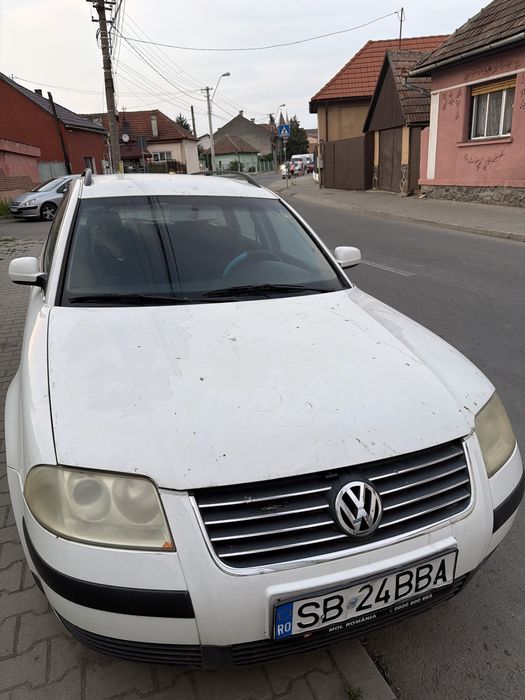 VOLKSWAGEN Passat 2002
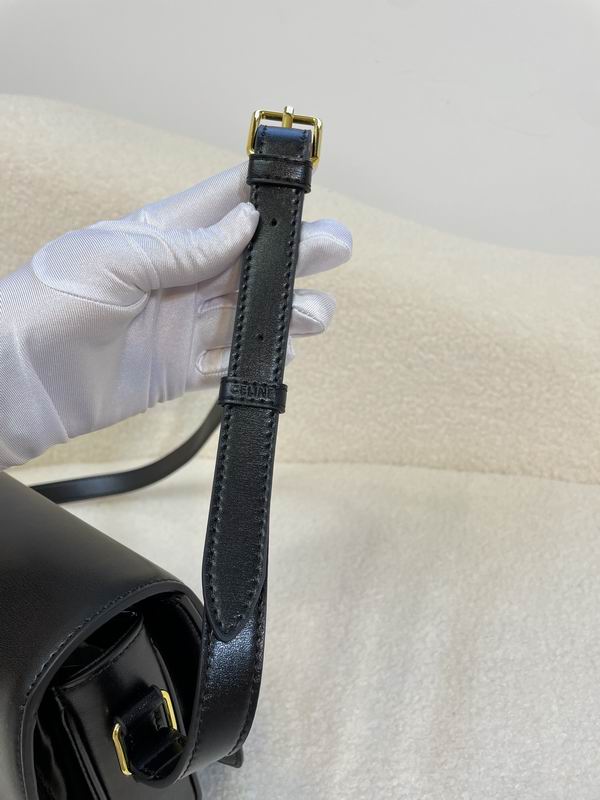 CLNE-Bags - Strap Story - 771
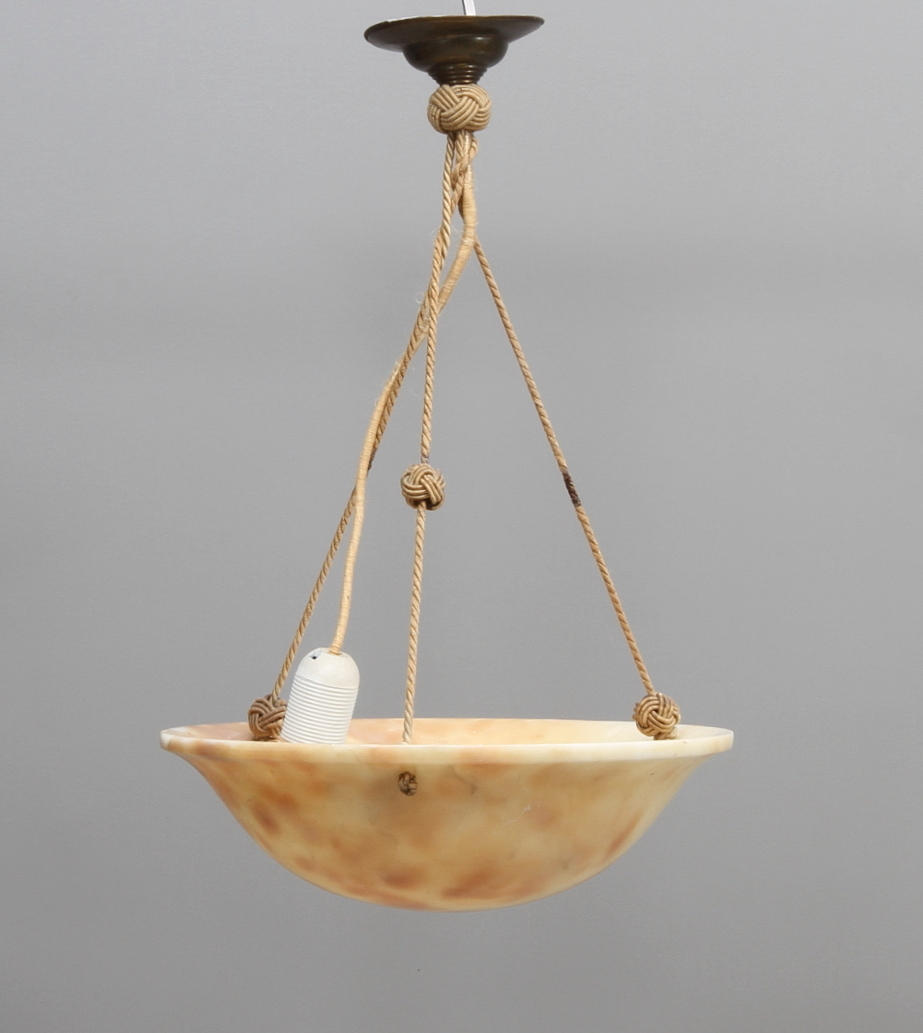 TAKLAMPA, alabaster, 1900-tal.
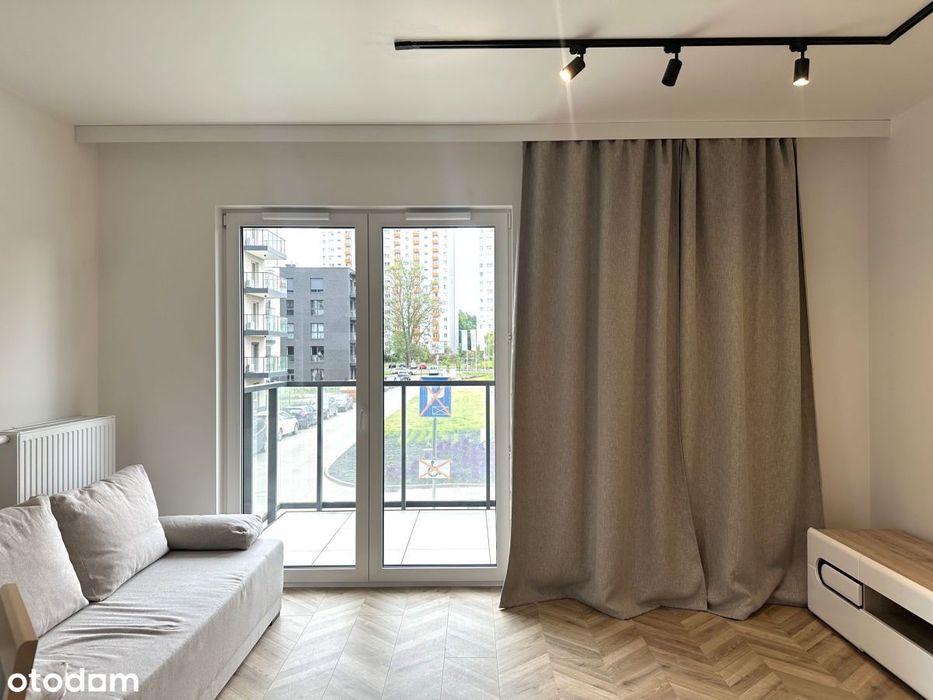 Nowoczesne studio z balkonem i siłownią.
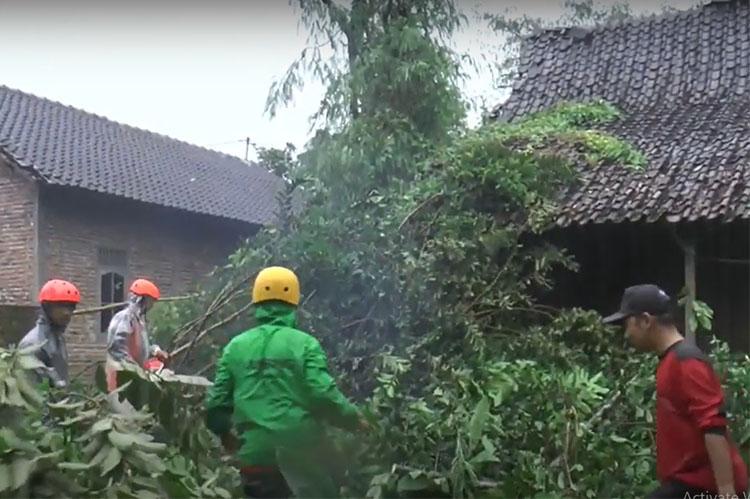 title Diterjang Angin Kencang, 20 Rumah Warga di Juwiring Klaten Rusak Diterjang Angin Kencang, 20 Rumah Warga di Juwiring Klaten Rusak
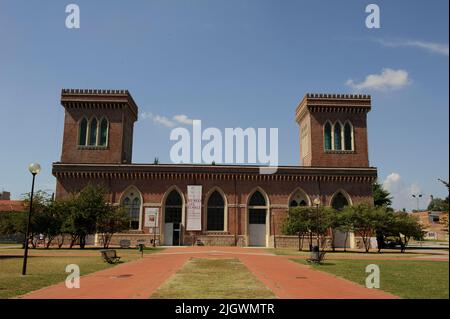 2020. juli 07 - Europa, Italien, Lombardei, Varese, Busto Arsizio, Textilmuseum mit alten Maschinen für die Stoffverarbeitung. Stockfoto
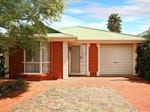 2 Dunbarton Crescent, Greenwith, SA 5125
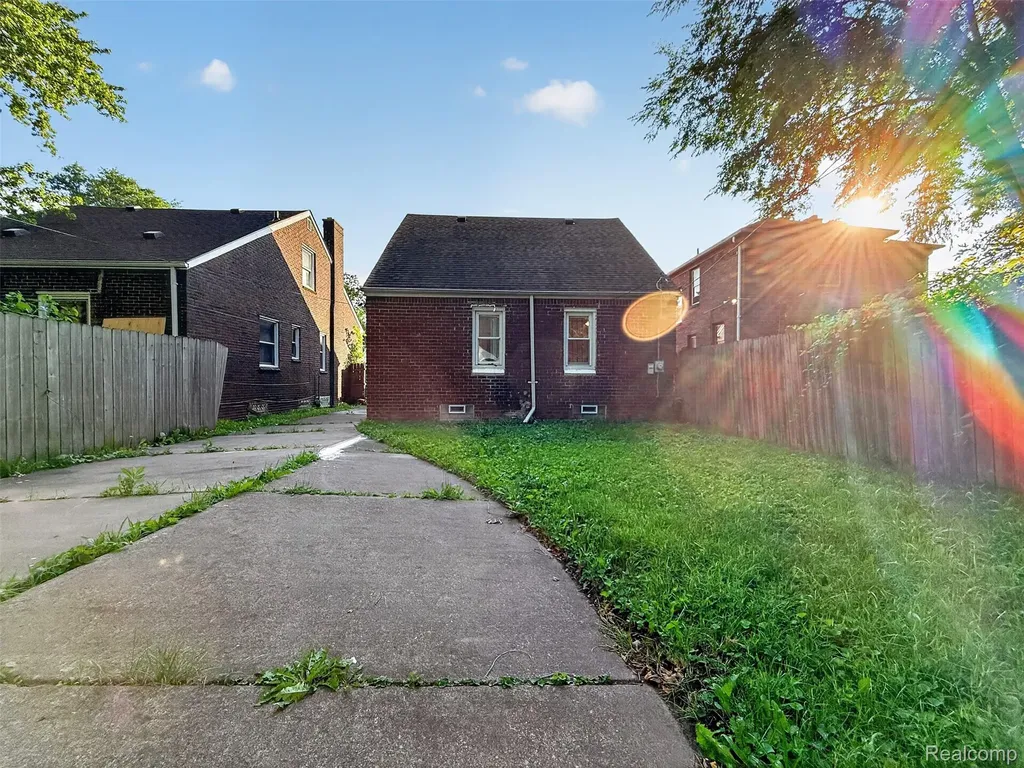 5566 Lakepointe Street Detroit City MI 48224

☆ ☆ ☆ ☆ ☆ ☆ ☆

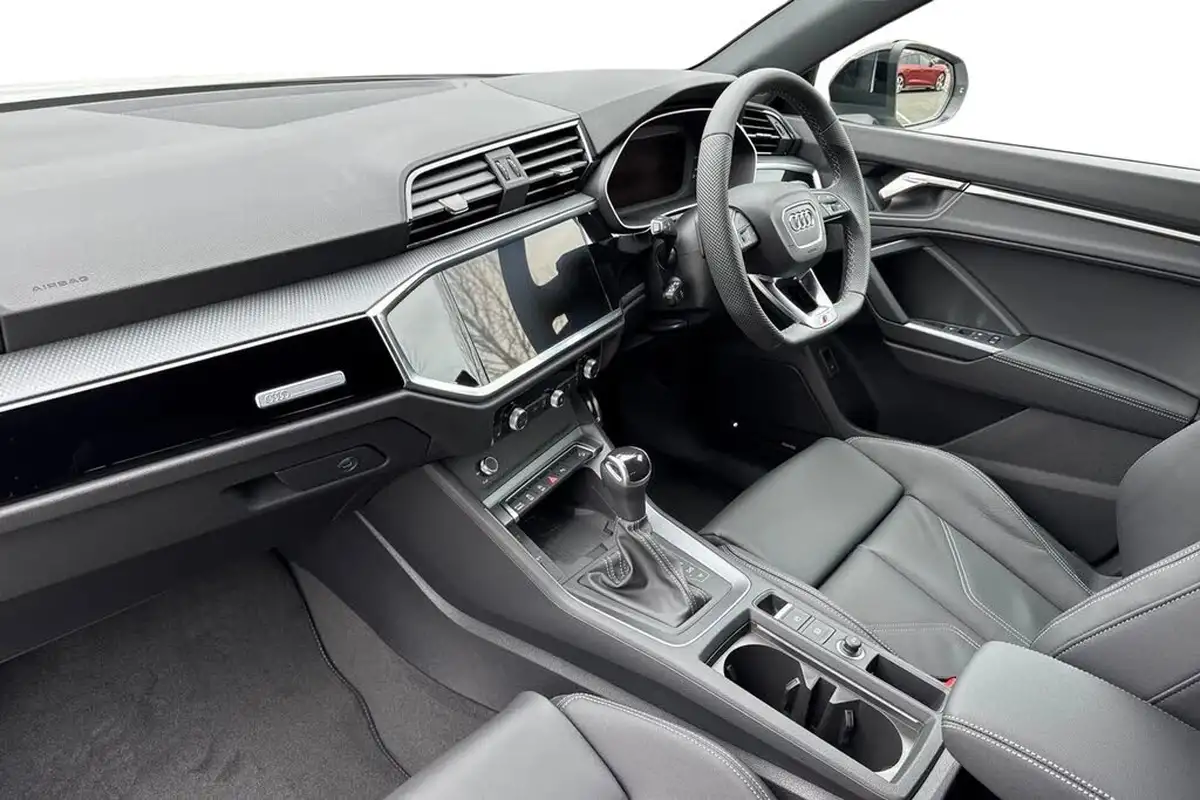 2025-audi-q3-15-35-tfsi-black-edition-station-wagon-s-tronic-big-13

☆ ☆ ☆ ☆ ☆ ☆ ☆

What you return from the records above should be exactly everything from the line with "VOLKSWAGEN Passat 2002" down to the line with "title Diterjang Angin", both kept, and no pictures.

 VOLKSWAGEN Passat 2002
 CLNE-Bags - Strap Story - 771
 TAKLAMPA, alabaster, 1900-tal.
 Nowoczesne studio z balkonem i siłownią.
 title Diterjang Angin Kencang, 20 Rumah Warga di Juwiring Klaten Rusak Diterjang Angin Kencang, 20 Rumah Warga di Juwiring Klaten Rusak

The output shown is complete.